Linux doesn't seem to realize that it's a small time OS. I don't think graphics vendors made video drivers for Windows either when Windows only had 5% of the market share. But rather than do something like design a good Linux graphics API that vendors can easily write a driver to slip into, and then fully documenting this API and making an nice instructional document on how to write a video driver using this simple and easy API, they'd rather just bitch and moan.
Make it easy (and therefore less costly) to make a video driver, and more vendors will do it. With the current undocumented mess of partial functionality, I'm not at all surprised that most aren't willing to bother with it when all it gets them is an additional 1% of sales. (remember that most linux users will buy video cards, driver or no driver) Somewhere there's an equation that determines if that 1% of sales will generate more money than it cost to develop that driver, and if you lower the cost of developing that driver enough, then it will become less than the revenue generated by that 1% of sales, and those drivers will begin being made.
You also have to make sure that that driver API will work on all Linux systems that support it. If it doesn't, and people start calling tech support because the latest Linux kernel is refusing to work correctly with the driver, then the money from that 1% of sales disappears again.
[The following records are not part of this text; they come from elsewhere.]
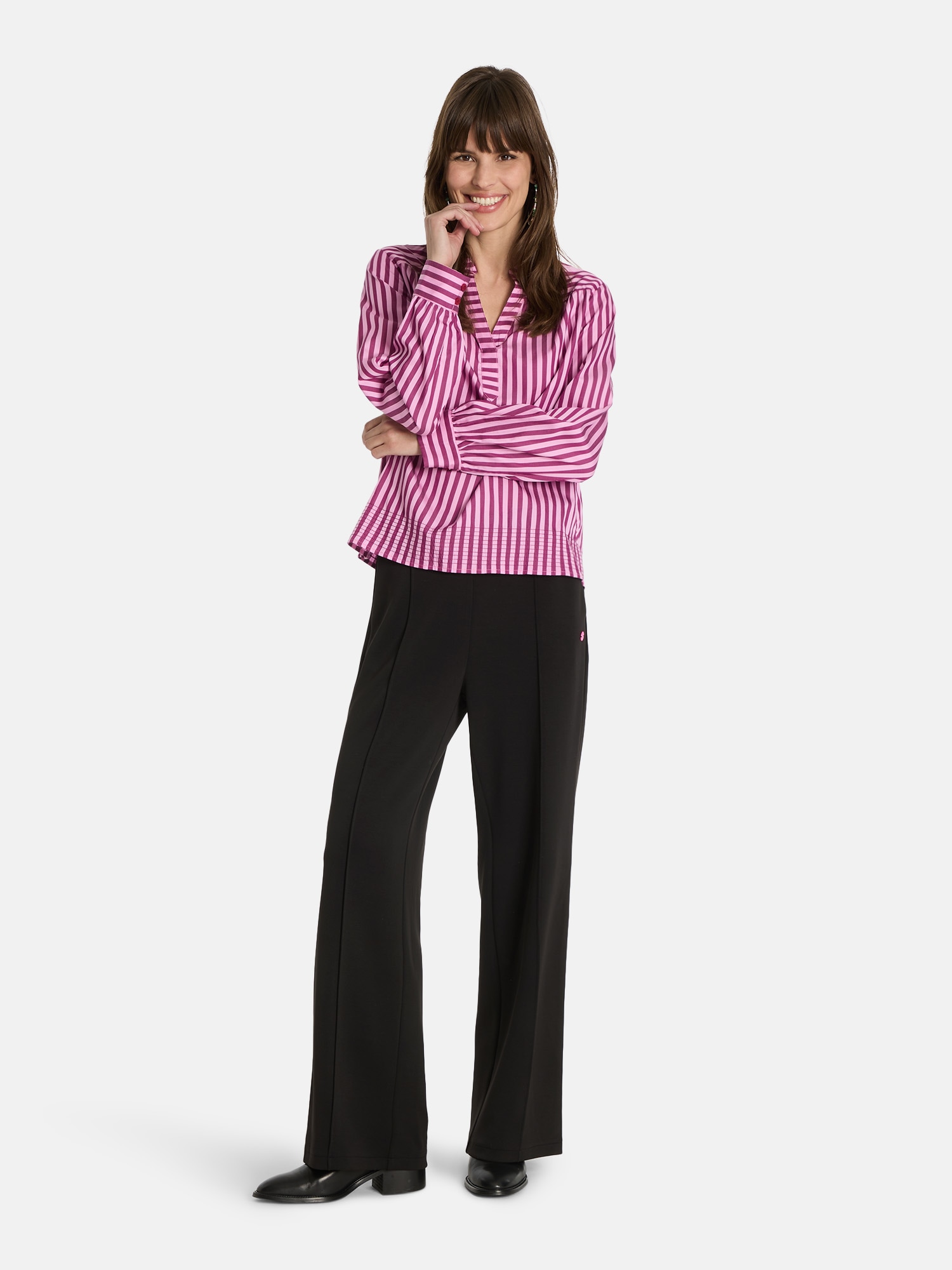 Lieblingsstück Stoffhose  mit weitem Bein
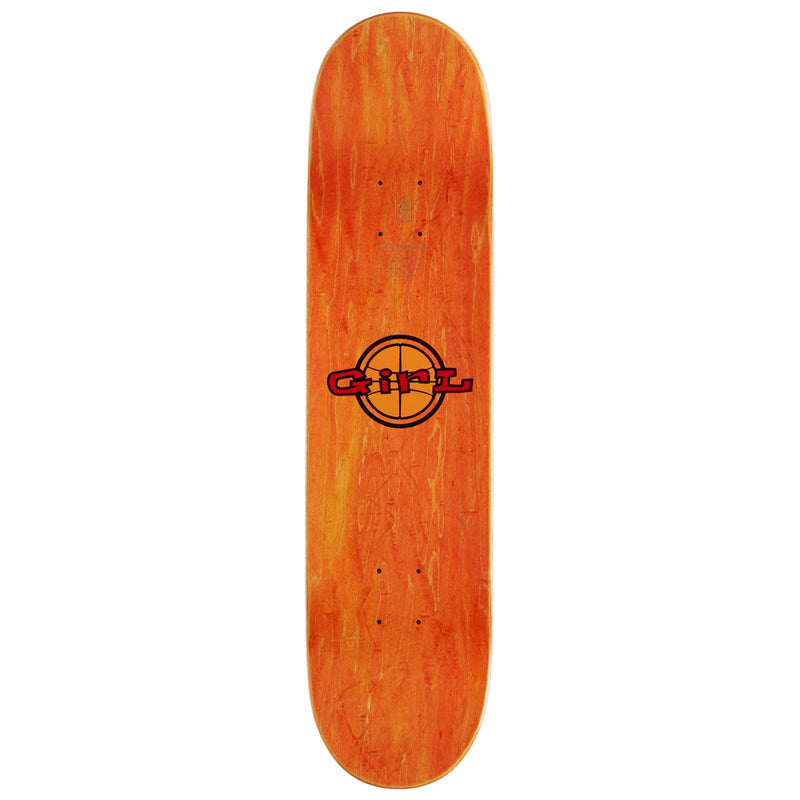 Girl Howard Full Court Reissue Skateboard Deck - 7.75"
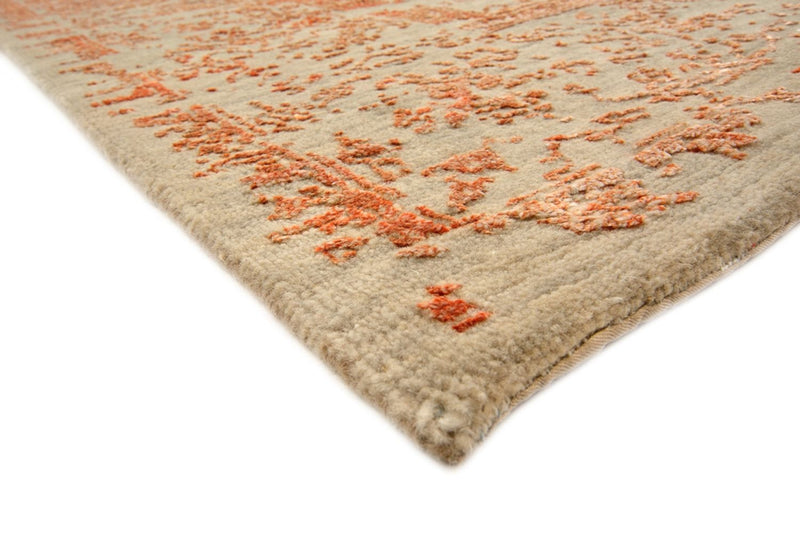 Designer Teppich - 196 x 150 cm - rost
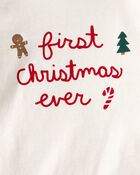 Baby 2-Piece My First Christmas Long-Sleeve Bodysuit & Pant Set - Cream/Green, image 5 of 7 slides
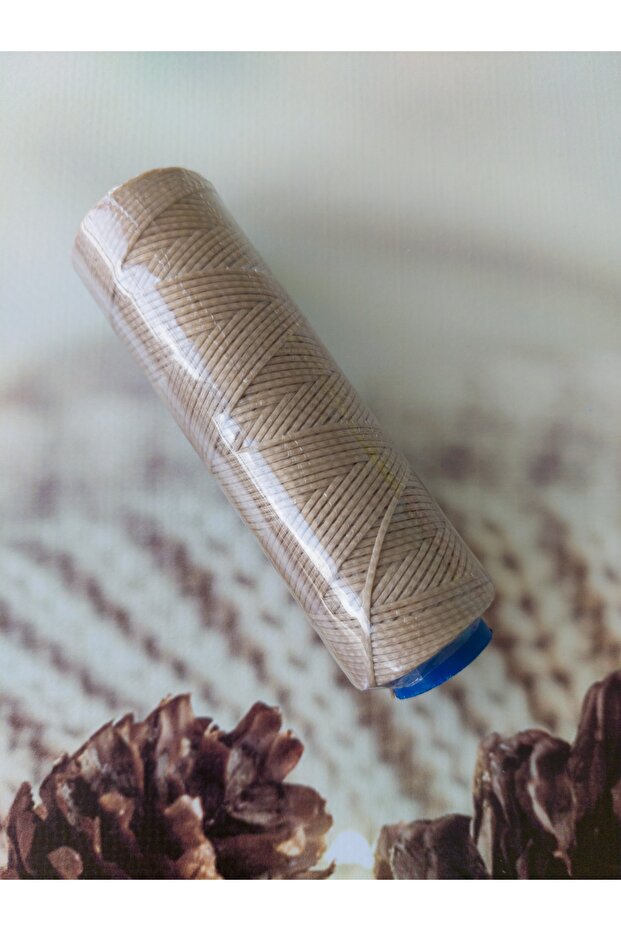 Beige 002 Waxed Thread 100 Meters 1.0 Mm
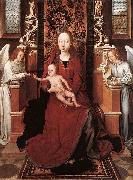 Hans Memling Virgin and Child Enthroned with Two Angels France oil painting artist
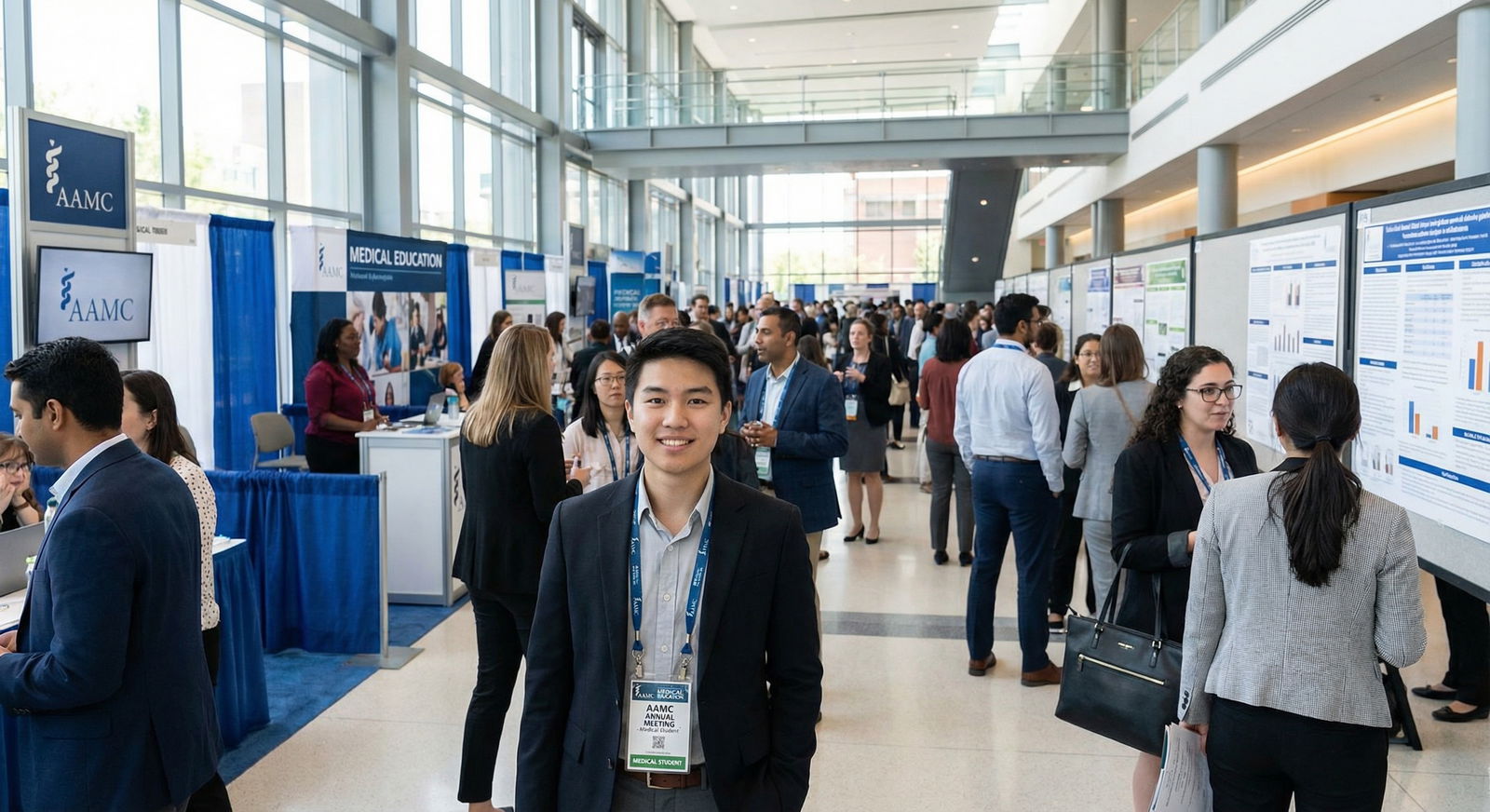 Medical student attending a national AAMC conference Medical student attending a national AAMC conference - AAMC Membership for Unlocking the Power of AAMC Membership for Medical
That's where I'm at with this game I want to make. If I'm going to sell it, then it damned well better work for everyone. The fact that they get to try it as shareware first doesn't matter. No one wants to buy it, then upgrade SDL (or whatever it uses), or buy a new computer, and find that it no longer works the same, and I don't want to deal with people emailing me saying things like "on my old computer I could switch to 320x240 mode, but on my new one when I do that all it does is run in a little 320x240 window, it doesn't run full screen, and since I payed for this game I demand that you fix this." There's nothing I can do about the fact that their new Linux distribution runs X in framebuffer mode and therefore it's no longer able to switch video modes.
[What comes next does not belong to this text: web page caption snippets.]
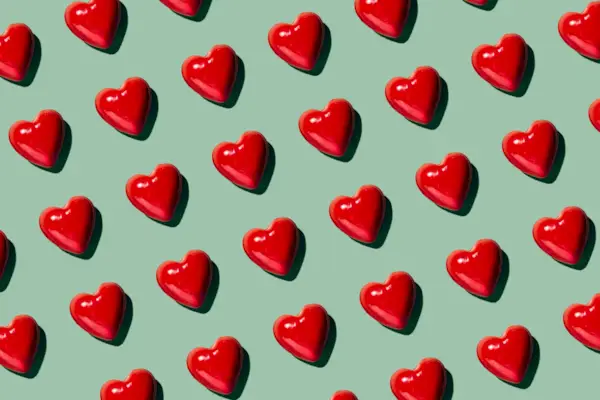 Red Hearts Background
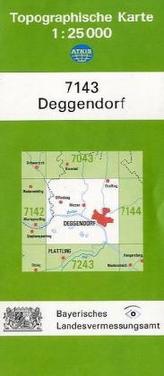 Topographische Karte Bayern Deggendorf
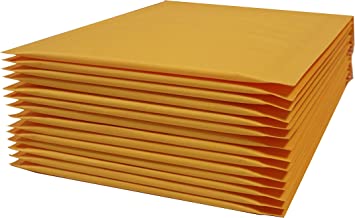 Yens SMALL SELF SEAL KRAFT BUBBLE MAILERS PADDED ENVELOPES (KF#000(4X7 in)-500pcs)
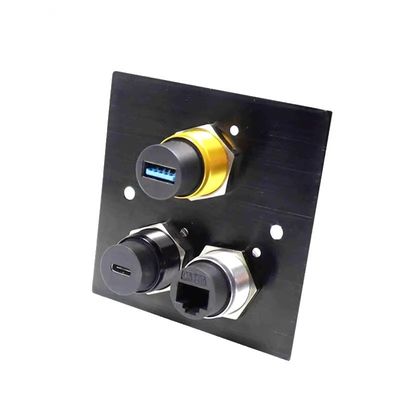 IP67 남성 여성 방수 연결 USB 타입 A B PCB 패널 마운트 연결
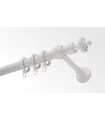 einläufige Gardinenstange Ø28mm weiß
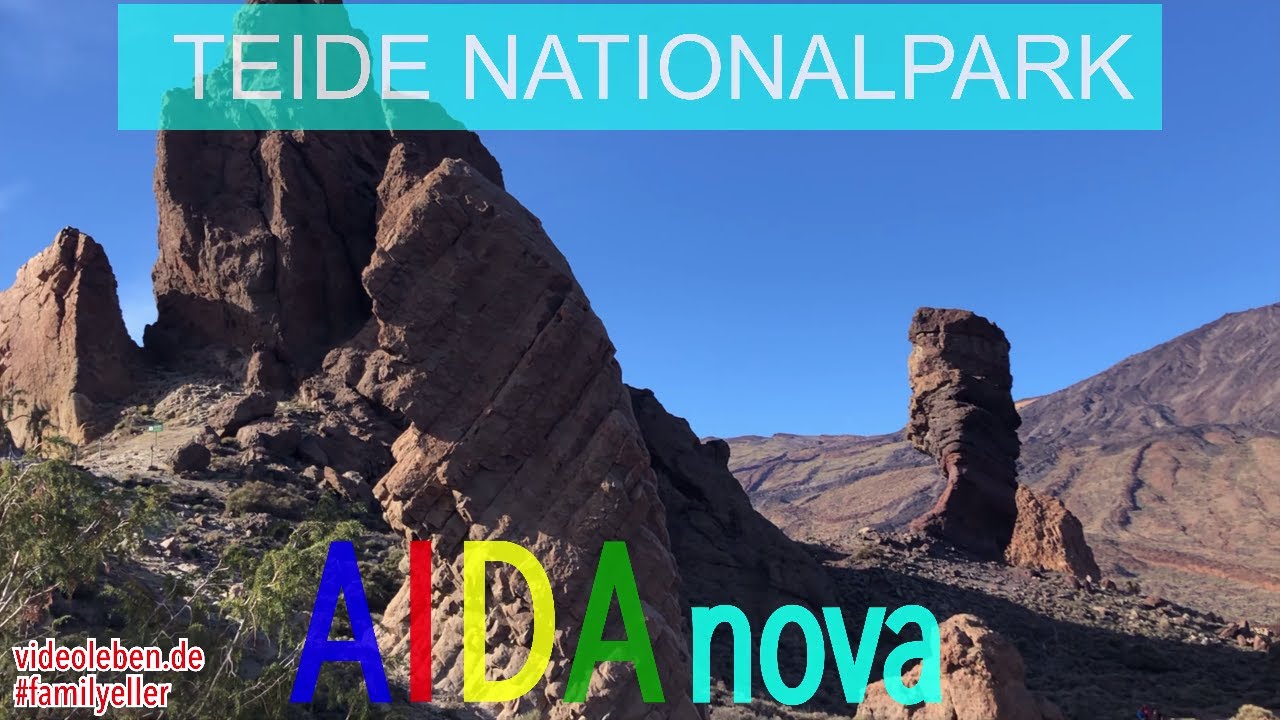 Teide Nationalpark mit Finger Gottes auf Teneriffa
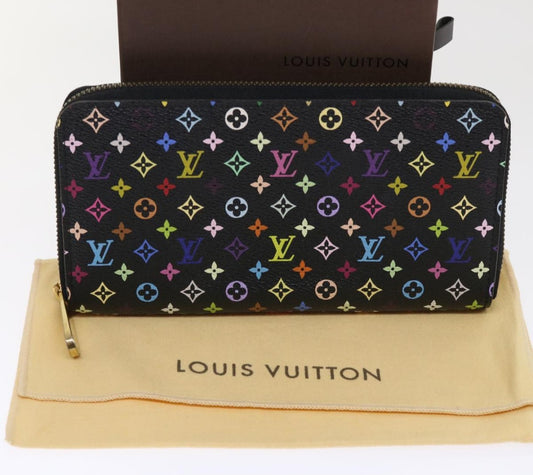 Louis Vuitton Zippy Multicolour Black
That's why I think that game developers stay away from Linux. In Windows they can make their games work exactly the same for everyone, in Linux, some features will work on some systems but not on others, and there's really nothing they can do about it. When Linux ditches ALSA for something new the same way it ditched OSS for ALSA, the sound is going to stop working, and then they have to go and release a new version of the game to avoid upsetting their customers.
Linux games tend to suck, but it's not from a lack of effort on the part of the people writing the games, it's just that making anything a really nice piece of software is really difficult in Linux. You would think that the fact that someone has never seen a really good Linux game that runs on everybody's system would indicate to people that writing such a game is impossible, but somehow they insist that it is possible and it's only not being done because the game developers are *** buddies with Microsoft.
What Linux people need to realize is that if a nuclear bomb was dropped on Redmond WA tomorrow, Linux would still suck just as much as it does sucks today. It's not Windows's fault that Linux sucks, it's Linux's fault. All the video drivers in the world wouldn't change that.
The closest they've come is someone made the kernel so that at bootup it'll make _one_ VESA call to switch to _one_ graphics mode. Once it's in that mode, it stays in that mode forever.
Not quite. Have a look at svgalib or SVGATextMode.
That's not the kernel. I was talking about the kernel's use of VESA.
For some reason calling the VESA BIOS after boot is out of the question.
Natch! VESA BIOS is real-mode code, not pmode.
Attitudes like that are exactly what's wrong with Linux. That's like refusing to use DOS Edit (real mode) because it's not Notepad (protected mode) and instead hacking together a bunch of different things which when combined make a system of which you can usually find one or two members that will output the text document that you want. That's a stupid thing to do when all you've got to do is start a DOS session and use DOS Edit.